RABAT, Morocco (AP) — As wildly contradictory accounts trickled out about a terror attack at an Algerian gas plant, one source of information proved to be the most reliable: announcements by the al-Qaida-linked militants themselves.
The hostage-takers phoned in regularly with up-to-the-minute reports, offered eerily accurate numbers of hostages taken and killed, and clearly laid out their goals.
All this came via a Mauritanian news website that — apart from receiving calls from radical Islamists and al-Qaida-linked militants — is known for its reliability on more mundane local news.
Algeria's official information, in contrast, was silent and murky.

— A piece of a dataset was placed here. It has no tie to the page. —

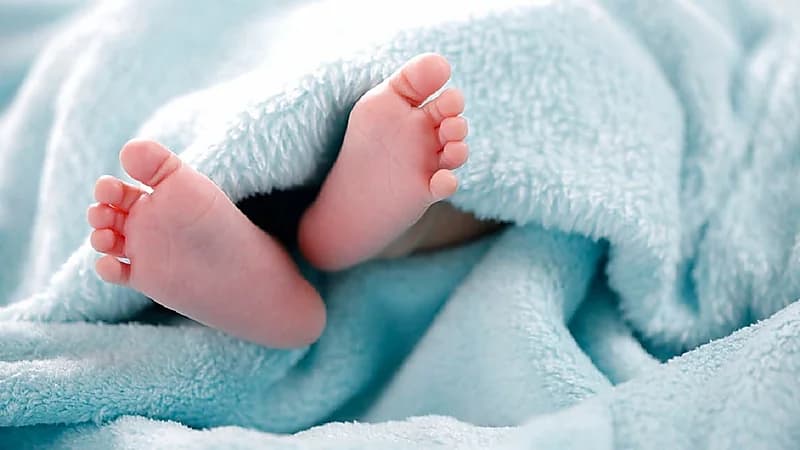أم تقتل رضيعتها وتضعها في الثلاجة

At one point the state news service even went dark online before returning with a home page scrubbed of all mention of the hostage crisis that had riveted the world.
When Algerian officials were willing to comment — only anonymously — their information drastically underplayed the scope of the hostage siege that left at least 37 captives and 29 militants dead and sent scores of foreign energy workers fleeing across the desert for their lives.

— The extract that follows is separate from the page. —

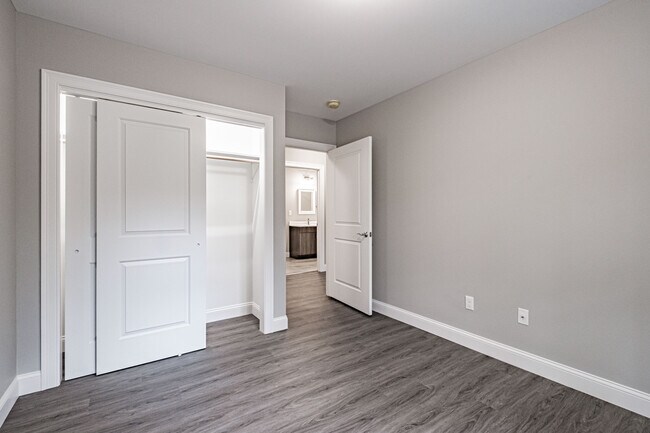 Building Photo - 8 Friendly Way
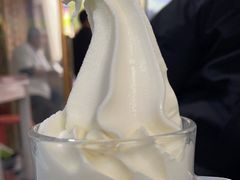 -古老冰山特色冰淇淋店(艾提尕尔店)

The reliability of the information from the kidnappers was a departure from the more bombastic and exaggerated announcements typical of al-Qaida-affiliated insurgents in Iraq, Afghanistan and other conflicts.

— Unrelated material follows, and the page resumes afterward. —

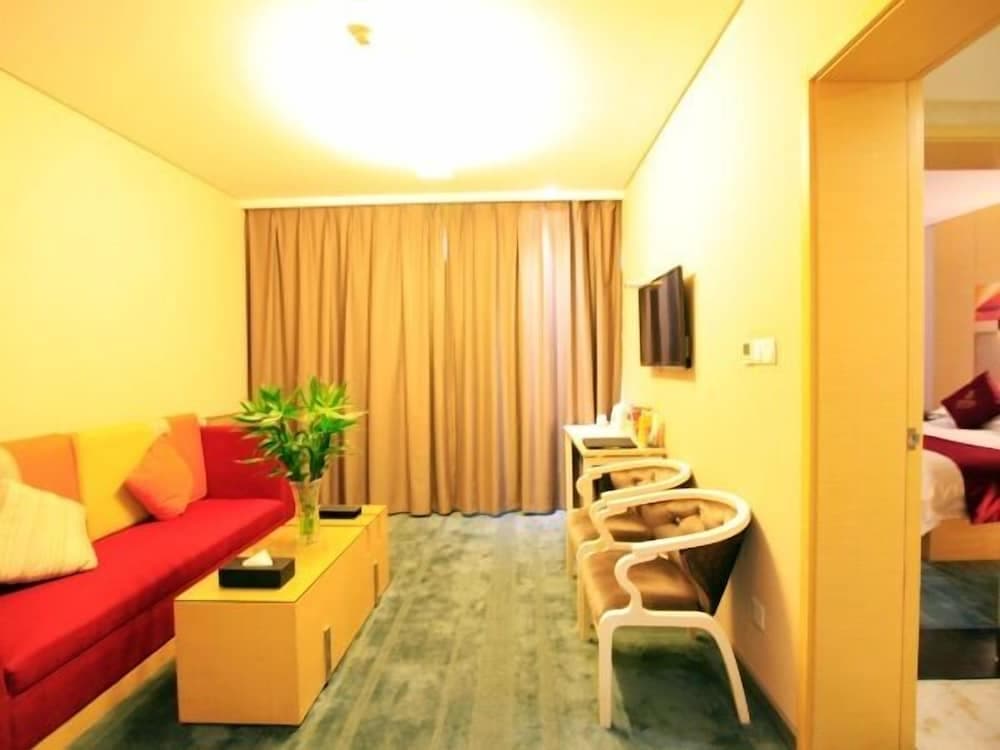 Metropolo Zhengzhou Yingxie Road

Also, instead of publishing statements on a password-protected jihadi website entirely in Arabic, the Masked Brigade that claimed responsibility for the gas plant attack sent its information to a news website published in both French and Arabic, reaching a much wider audience.
"It was in the interests of the gunmen to get their story out and the Algerians didn't perceive it was in their interest to get the story out in real time," said William Lawrence, the North Africa analyst for the International Crisis Group. "The gunmen needed to negotiate through the media, politicize the Mali conflict through the media, and score jihadist points in the media."
The editor of the Mauritanian site, the Nouakchott Information Agency, also known as ANI, attributed the difference in style to the Masked Brigade's founder, Moktar Belmoktar.
"Moktar is a man who speaks frankly of what he wants, he's straight forward," said El Mokhtar Ould Sidi, who added that his site left out the parts of the kidnappers' statements that he deemed to be propaganda. "It's very different from al-Qaida in the Islamic Maghreb or al-Qaida central."
Figuring out what was happening during North Africa's most audacious terror attack was no easy matter with the Ain Amenas natural gas complex deep in the Sahara desert, more than 800 miles (1,300 kilometers) from the capital, Algiers.
Despite a vibrant local newspaper scene, Algeria is not an easy place for foreign journalists to operate and information about security matters is kept under tight control by the military-dominated government.
Instead, as the four-day standoff unfolded, it was the regular dispatches from the militants carried by the Nouakchott agency that provided the most consistent source of information. The reports also bolstered the militants' assertions that the Algerian forces had endangered the hostages with their tactics.
No matter how shocking the news was, it seemed to come first and most reliably from the militants.
Soon after the attack began Jan. 16, the militants claimed to have seized 41 hostages. That night, Algerian Interior Minister Dahu Kabila maintained there were only 20 hostages and they were being held by a local terror group.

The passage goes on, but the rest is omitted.